▶ Exercise instructions
In the entries that follow, find the line containing "[Wine] SilkSilky-CA Pure Silk Sleep Cap 007" and the line containing "Pastor Fueled By", then retype exactly the lines from the first through the second, pictures excluded.

▶ Information given
* * *
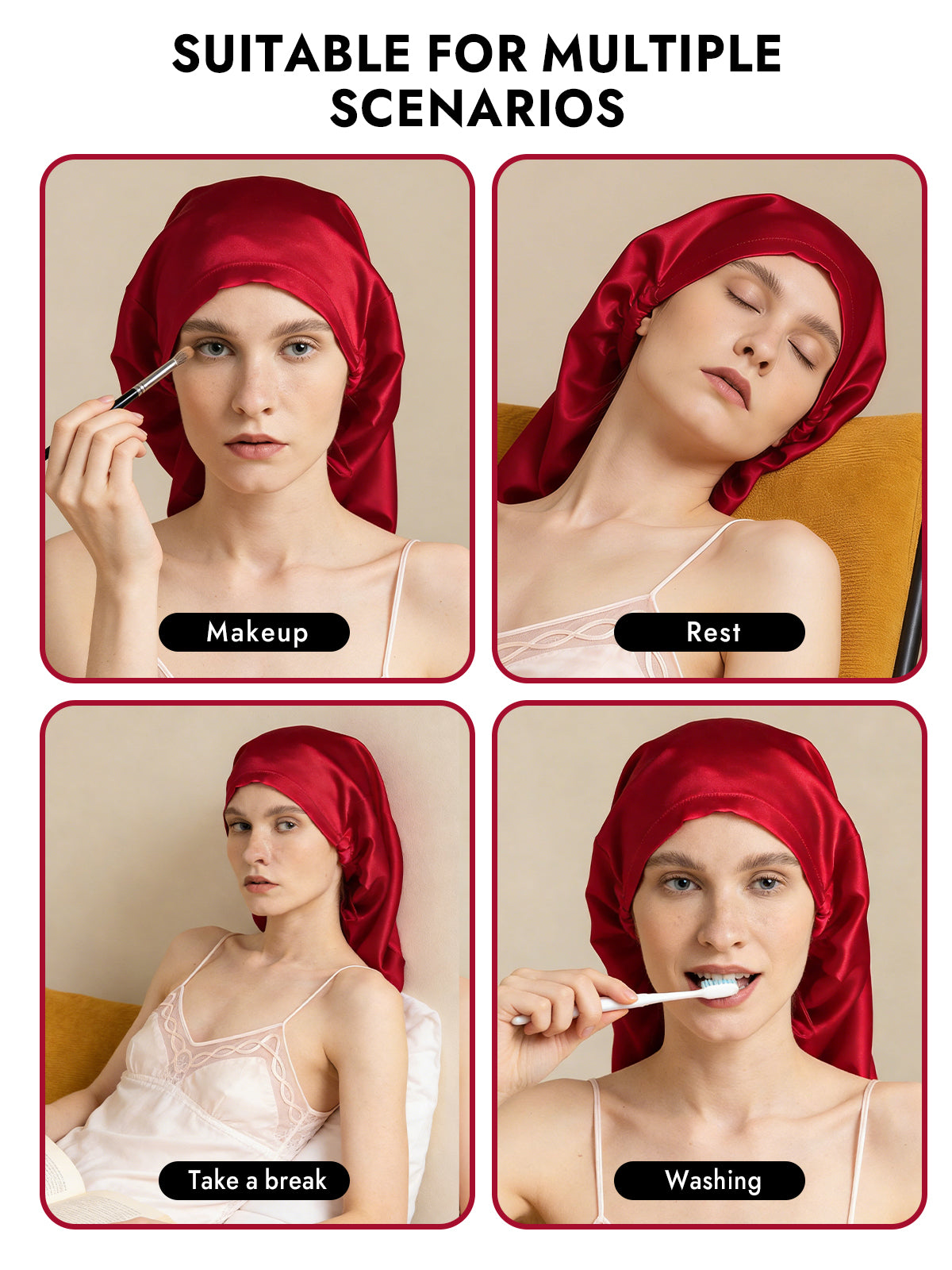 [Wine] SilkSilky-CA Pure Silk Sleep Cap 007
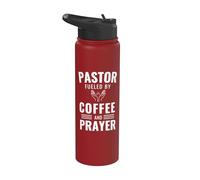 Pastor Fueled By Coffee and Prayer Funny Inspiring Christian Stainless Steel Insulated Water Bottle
* * *
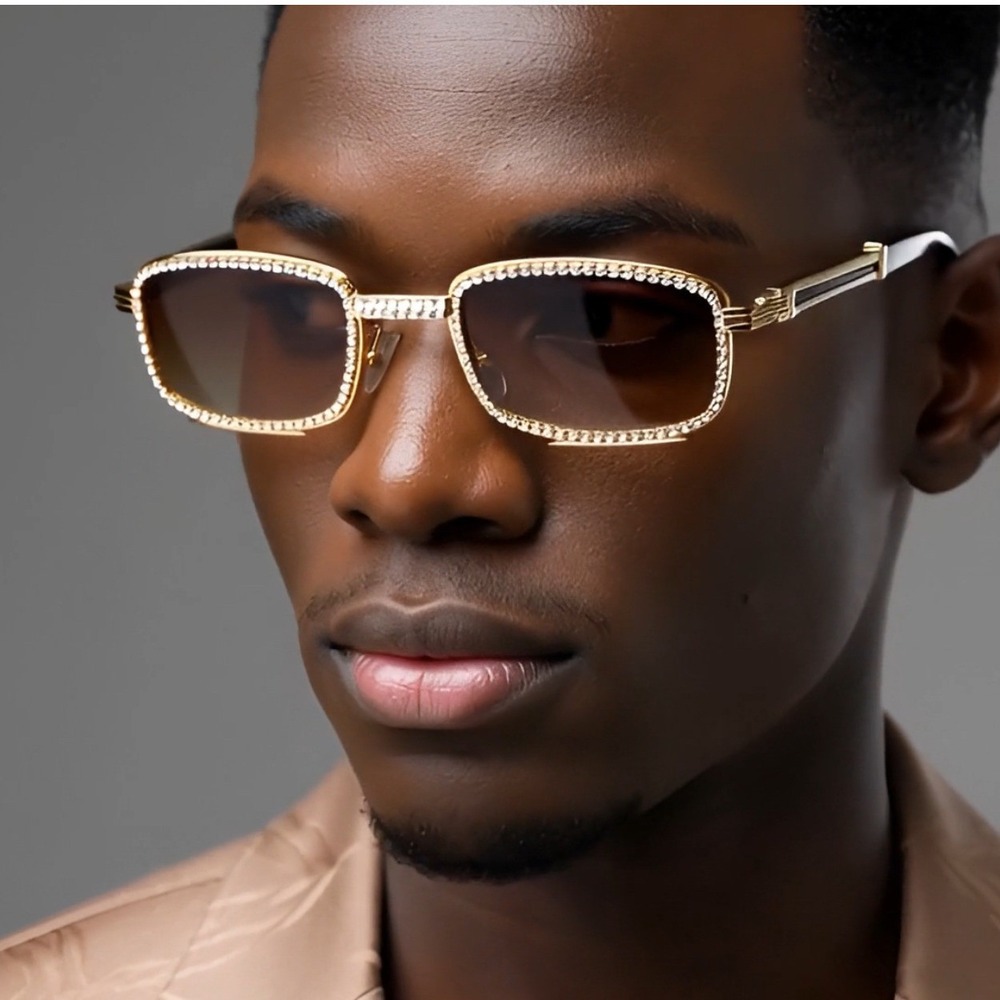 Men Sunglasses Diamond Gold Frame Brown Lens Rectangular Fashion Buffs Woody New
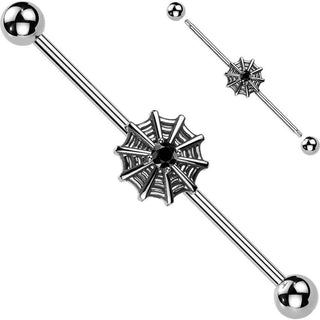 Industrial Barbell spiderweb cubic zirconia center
* * *
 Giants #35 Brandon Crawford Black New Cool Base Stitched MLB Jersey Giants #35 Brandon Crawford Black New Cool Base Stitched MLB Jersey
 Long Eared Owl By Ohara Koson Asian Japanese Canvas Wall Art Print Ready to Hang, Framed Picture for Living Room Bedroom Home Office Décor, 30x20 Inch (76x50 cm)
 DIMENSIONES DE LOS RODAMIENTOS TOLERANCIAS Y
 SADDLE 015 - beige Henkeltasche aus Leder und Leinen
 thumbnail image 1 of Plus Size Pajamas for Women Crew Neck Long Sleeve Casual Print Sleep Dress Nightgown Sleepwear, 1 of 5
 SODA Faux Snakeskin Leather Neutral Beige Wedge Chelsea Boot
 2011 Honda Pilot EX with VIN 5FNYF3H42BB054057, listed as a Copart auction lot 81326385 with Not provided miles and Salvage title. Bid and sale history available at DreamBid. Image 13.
* * *
▶ Task response
 [Wine] SilkSilky-CA Pure Silk Sleep Cap 007
 Pastor Fueled By Coffee and Prayer Funny Inspiring Christian Stainless Steel Insulated Water Bottle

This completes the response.